“Step Out of Time” with Schematron: getting the Plot not just the Story

Posted on January 23, 2019 by Rick Jelliffe

Schematron was developed out of an attempt to imagine a non-toy schema language for people who thought different.

In particular, after the wonderful Professor C. C. Hsieh explained to me that the Chomsky-style grammar, which DTDs were based on, was amenable to Westerners because it matched our simply-tokenized languages and clear ideas of words, but was simply not the way Chinese thought about Chinese languages: “most Chinese could not recall the Chinese word for ‘word’” he said, they think first of character 字 which is not word per se (indeed, IIRC term is a better analog for the Chinese 詞條). I was working on ideas for schema languages at Academia Sinica Taiwan: the advent of XPath and Dave Ragget’s demonstration with his Assertion Grammars extending grammar particles with XPath-style location steps on the LHS of the Grammar demonstrated assertions and prompted the thought, why not just XPath? (Schema language design fans may enjoy Dave’s idea for extending RELAX NG XERT too.)

More recently I have been thinking whether there has been another dynamic of “thinking different” that may explain Schematron’s enduring success in critical applications and perhaps its lack of mass acceptance. I think (or hope) Schematron appeals especially to people with what Professor Simon Baron-Cohen calls Systematizing Minds, which I recognize in myself. The Guardian had a stimulating quote from him on this:

Such people, he remarks are possessed of “a mind constantly striving to step out of time, to set aside the temporal dimension in order to see… the eternal repeating patterns in nature”.

His quote is interesting because I spend a lot of time thinking about the human dimension to document languages, and ways to characterize Schematron versus other schema languages.

I rather thought Schematron would have been superseded by now, using the lessons learned: instead its ideas have been various tacked on used to enrich XSD, or recast into a unit-testing single test approach with OASIS CAM, or escaped into other applications like Selenium and PDM. But none of these take the essential point of Schematron: how to have a schema language for humans and especially for humans who think different. So I think we need to draw inspiration from outside computers, just as Charles Goldfarb’s inspiration of using language theory for documents did, at the genesis of what became SGML and XML.

I want to pull out Prof Baron-Cohen’s distinction between time-base thinking (where things are modeled as a linear sequence of events) and systemizing. Grammars model documents in a linear fashion, imposing a kind of time on the elements: first this then next that.

A DTD models an element’s contents as an ordered sequence of elements, A then B then C. In order to know what child elements are valid at a point, you may need to go back to the start of the element and trace through..
An XSD schema models an element’s contents as an ordered sequence of elements, A then B then C. In order to know what child elements are valid at a point, you may need to go back to the start of the element and up the ancestor tree and trace through.
A RELAX NG grammar models an element’s contents as an ordered sequence of elements, A then B then C. In order to know what child elements are valid at a point, you may need to go back to the start of the document and trace through.
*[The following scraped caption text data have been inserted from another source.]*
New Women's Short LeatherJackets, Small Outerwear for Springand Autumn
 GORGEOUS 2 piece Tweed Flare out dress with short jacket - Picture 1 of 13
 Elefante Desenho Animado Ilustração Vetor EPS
Schematron actually makes it difficult to represent long linear chains which are all that grammars can consider. Each location step and predicate can be along any axis.

Of course, all actual grammars-based schema languages have have addition that violate the strict sequence: DTDs have IDs, XSD has keys, XSD 1.1 adds guards and assertions, RELAX NG treats attributes as if they had sequence.

I don’t want to completely deny the reverse possibility: that Schematron may actually be a tool that helps linear-thinkers escape their railway-train view of reality, and similarly that grammars help the time-blind manipulate sequence better. It is a lovely thought.

After making this analogy of element sequence as a virtual timeline, we can borrow a literary theory E.M. Forster’s definition (itself owing to Aristotle) that story is the chronological sequence of events while plot is the causal and logical connection between events. Can we therefore say that conventional schema languages are all and only about story while Schematron is all and only about plot?